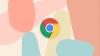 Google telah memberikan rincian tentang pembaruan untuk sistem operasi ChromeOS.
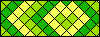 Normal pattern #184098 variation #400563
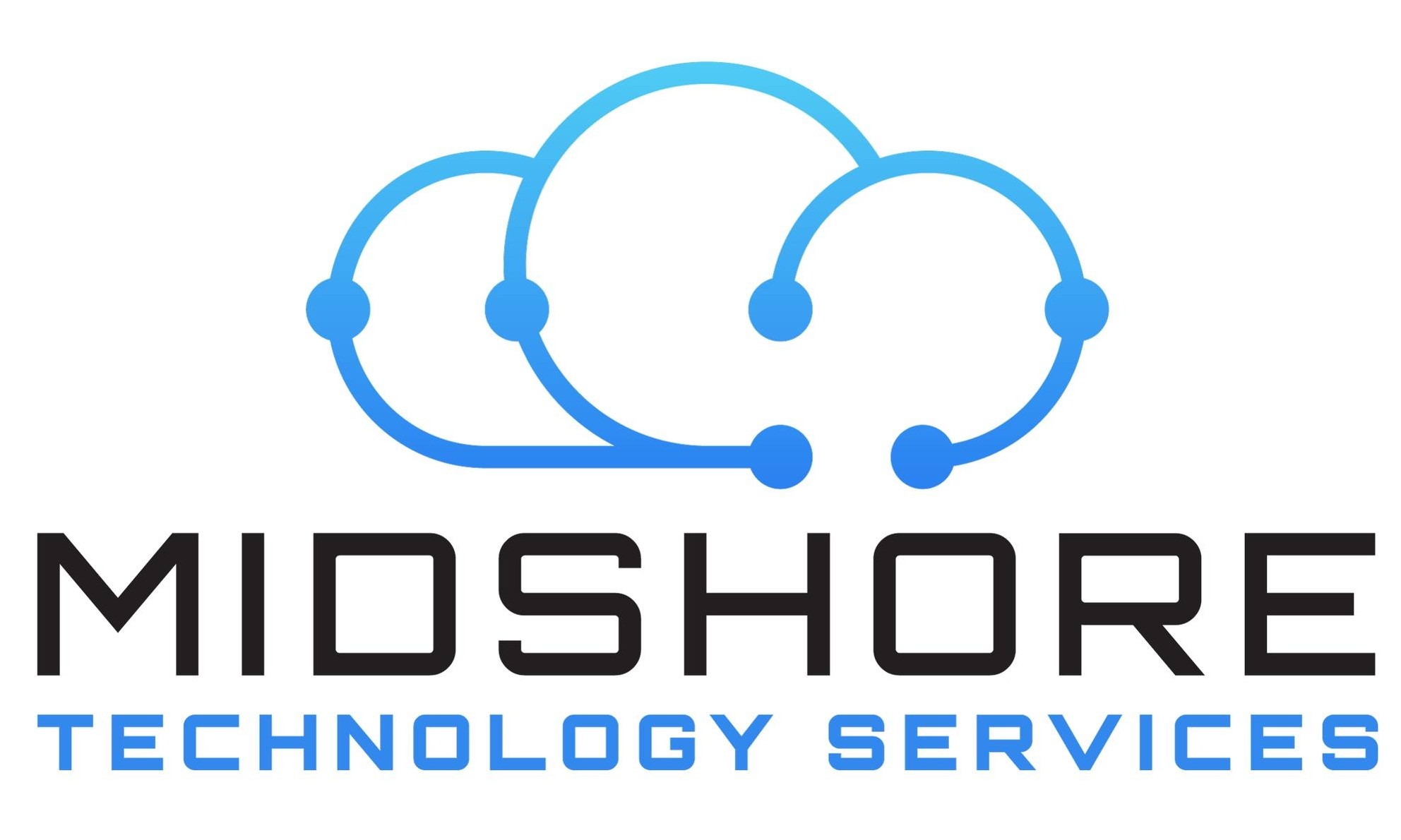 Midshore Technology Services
....
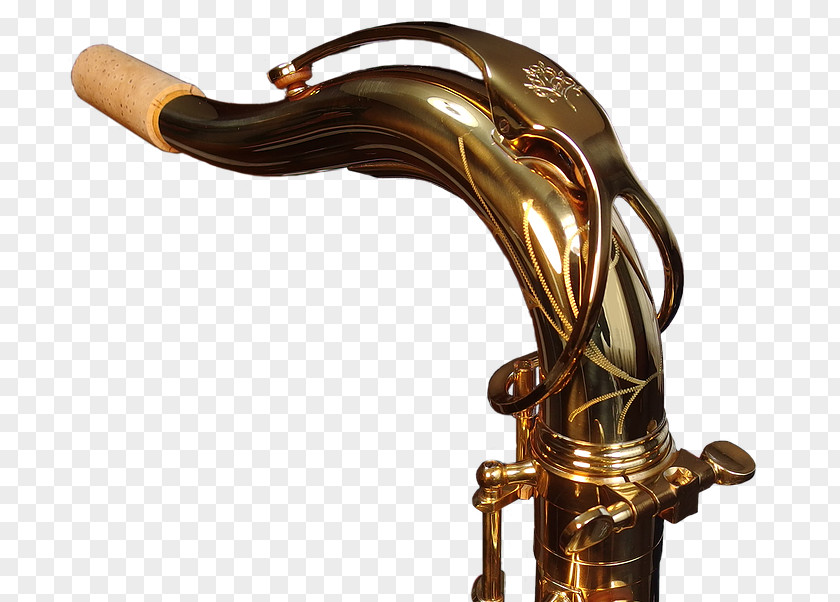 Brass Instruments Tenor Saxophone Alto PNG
....
## [WHAT THE TASK REQUIRES]
Starting at the line above that holds "Normal pattern #184098 variation #400563", repeat every line exactly down to and including the line that holds "Midshore Technology Services", then stop. Do not carry over any pictures.

## [OUTPUT]
 Normal pattern #184098 variation #400563
 Midshore Technology Services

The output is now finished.